Output nothing but the lines from the one holding "aerial view of boat on water" to the end of the listing. Reproduce them exactly, without the pictures.

═════ RECORDS SHOWN

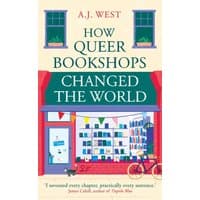 "How Queer Bookshops Changed the World" book with illustrated shopfront and bicycle on cream background.
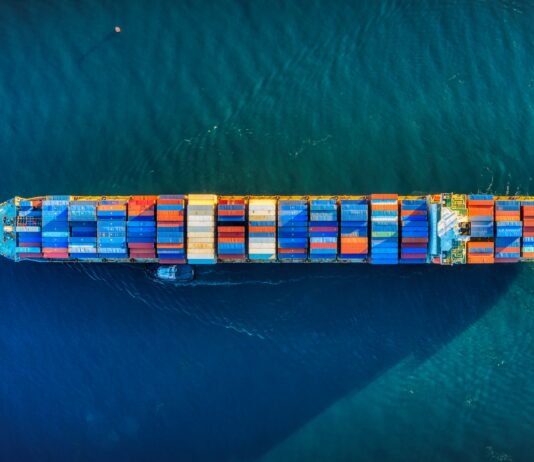 aerial view of boat on water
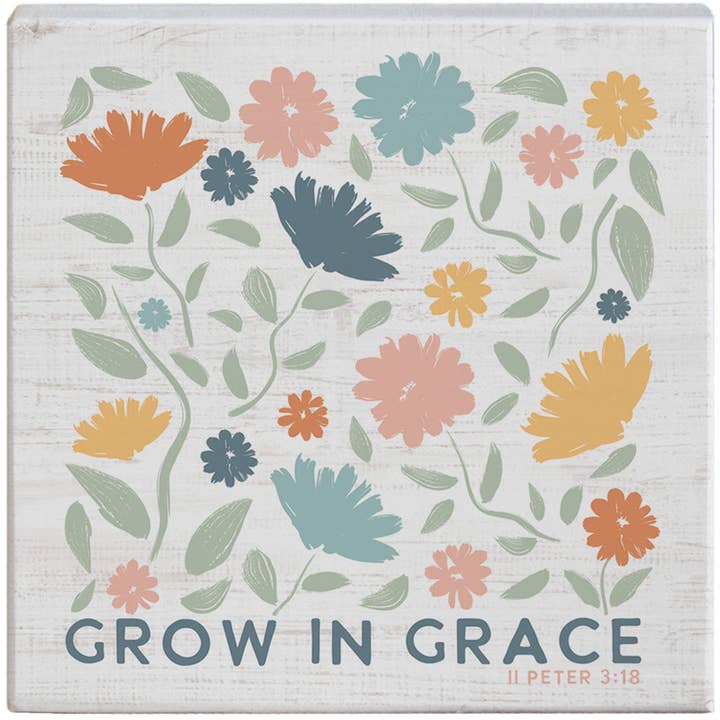 Sincere Surroundings - Wholesale Desk/Tabletop Sign - Grow Grace Flowers - Small Talk Square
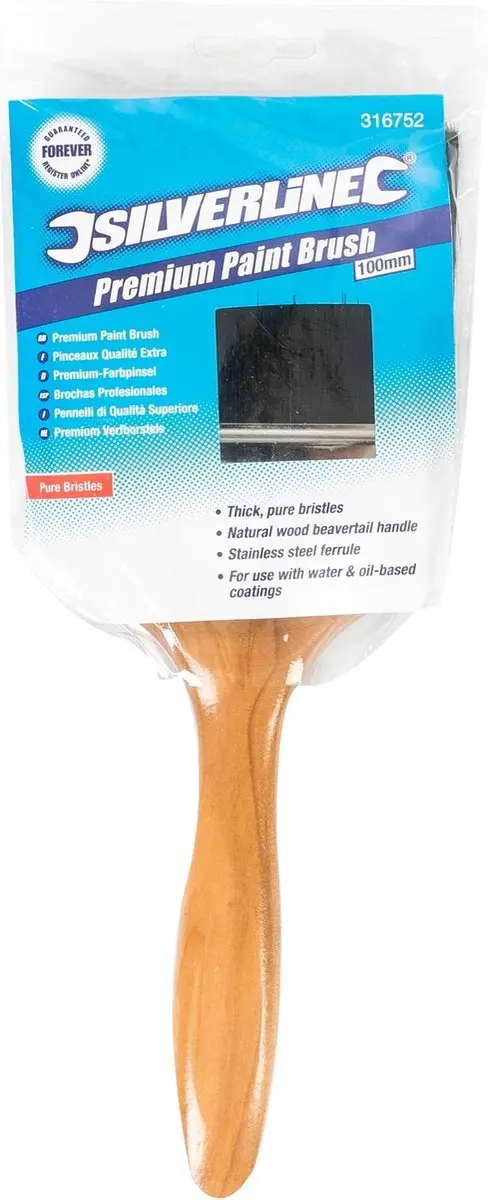 Silverline Schilderskwast 100mm - Houten handvat - Zwart - afbeelding 6 van 6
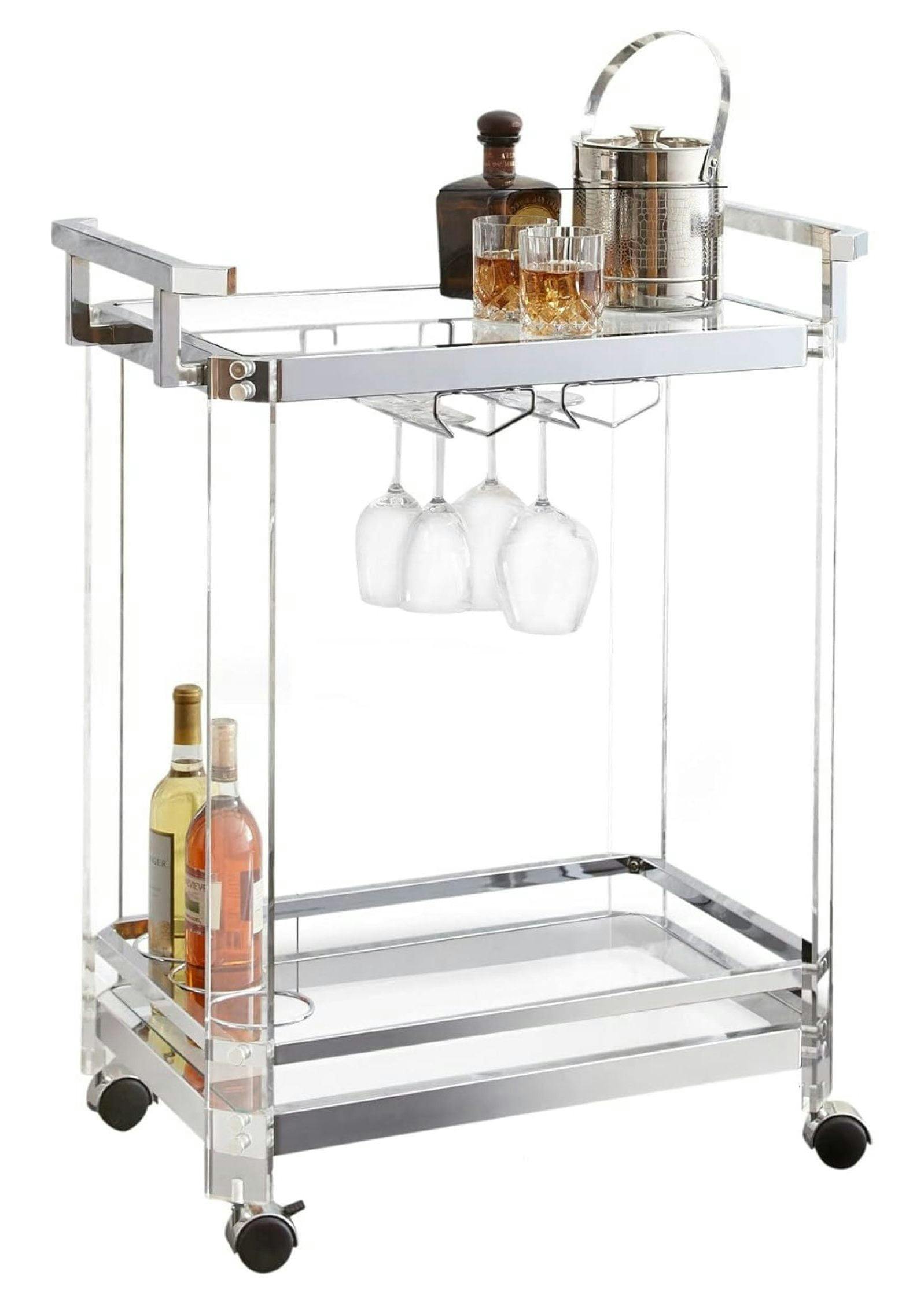 Aeron Modern Acrylic Serving Cart with Tempered Glass Shelves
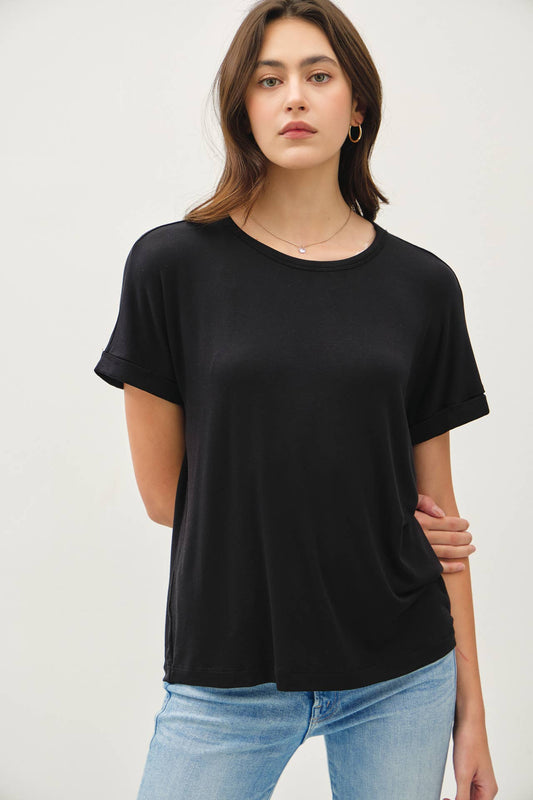LIGHTWEIGHT MODAL BASIC FLOWY TEE  : Black / L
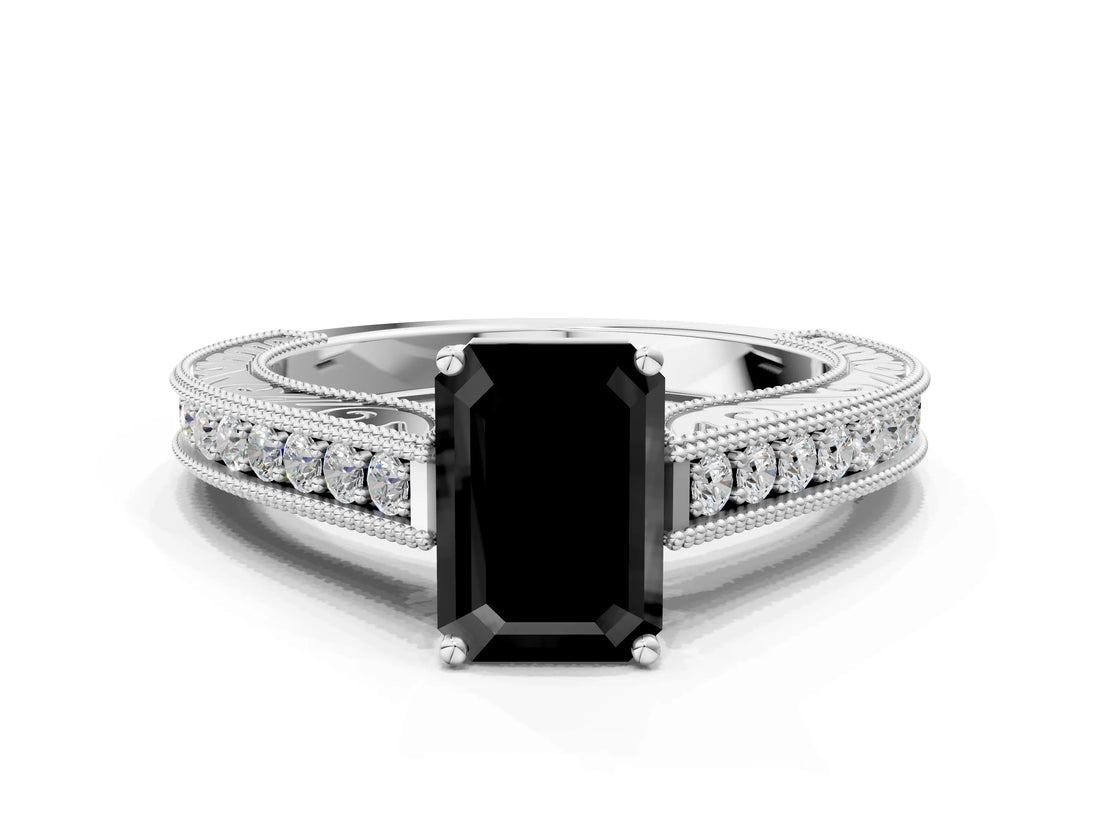 White gold Fancy Black Emerald Cut Cut Pave Band Milgrain Solitaire Ring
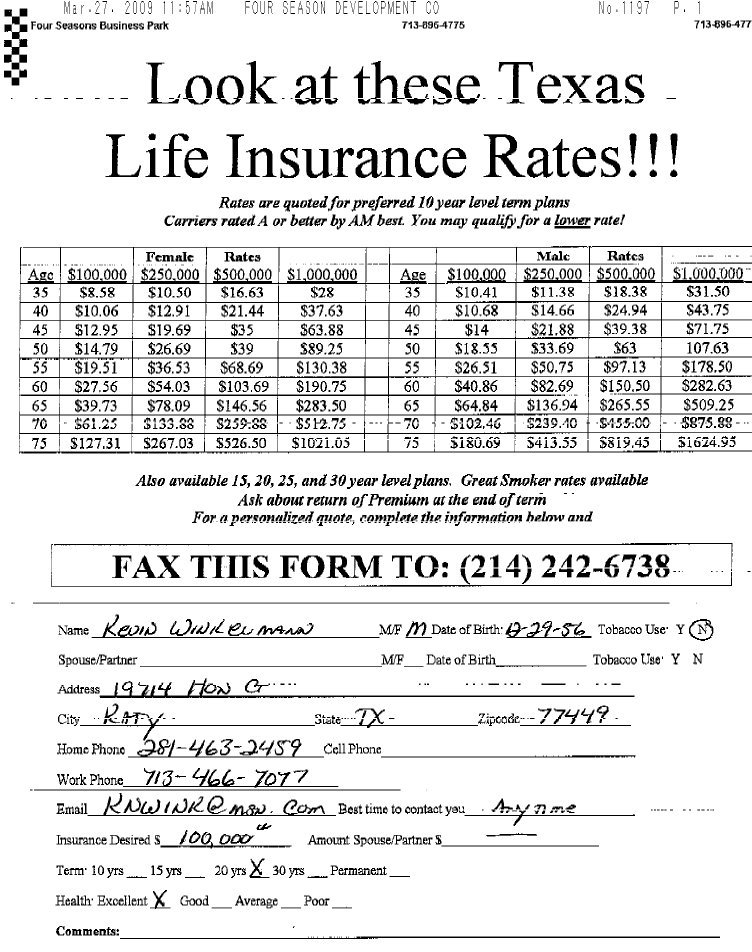 LIFE INSURANCE FAX BROADCAST LEAD Samples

══════════

▸ **ANSWER FOR THIS EXERCISE**
 aerial view of boat on water
 Sincere Surroundings - Wholesale Desk/Tabletop Sign - Grow Grace Flowers - Small Talk Square
 Silverline Schilderskwast 100mm - Houten handvat - Zwart - afbeelding 6 van 6
 Aeron Modern Acrylic Serving Cart with Tempered Glass Shelves
LIGHTWEIGHT MODAL BASIC FLOWY TEE  : Black / L
 White gold Fancy Black Emerald Cut Cut Pave Band Milgrain Solitaire Ring
 LIFE INSURANCE FAX BROADCAST LEAD Samples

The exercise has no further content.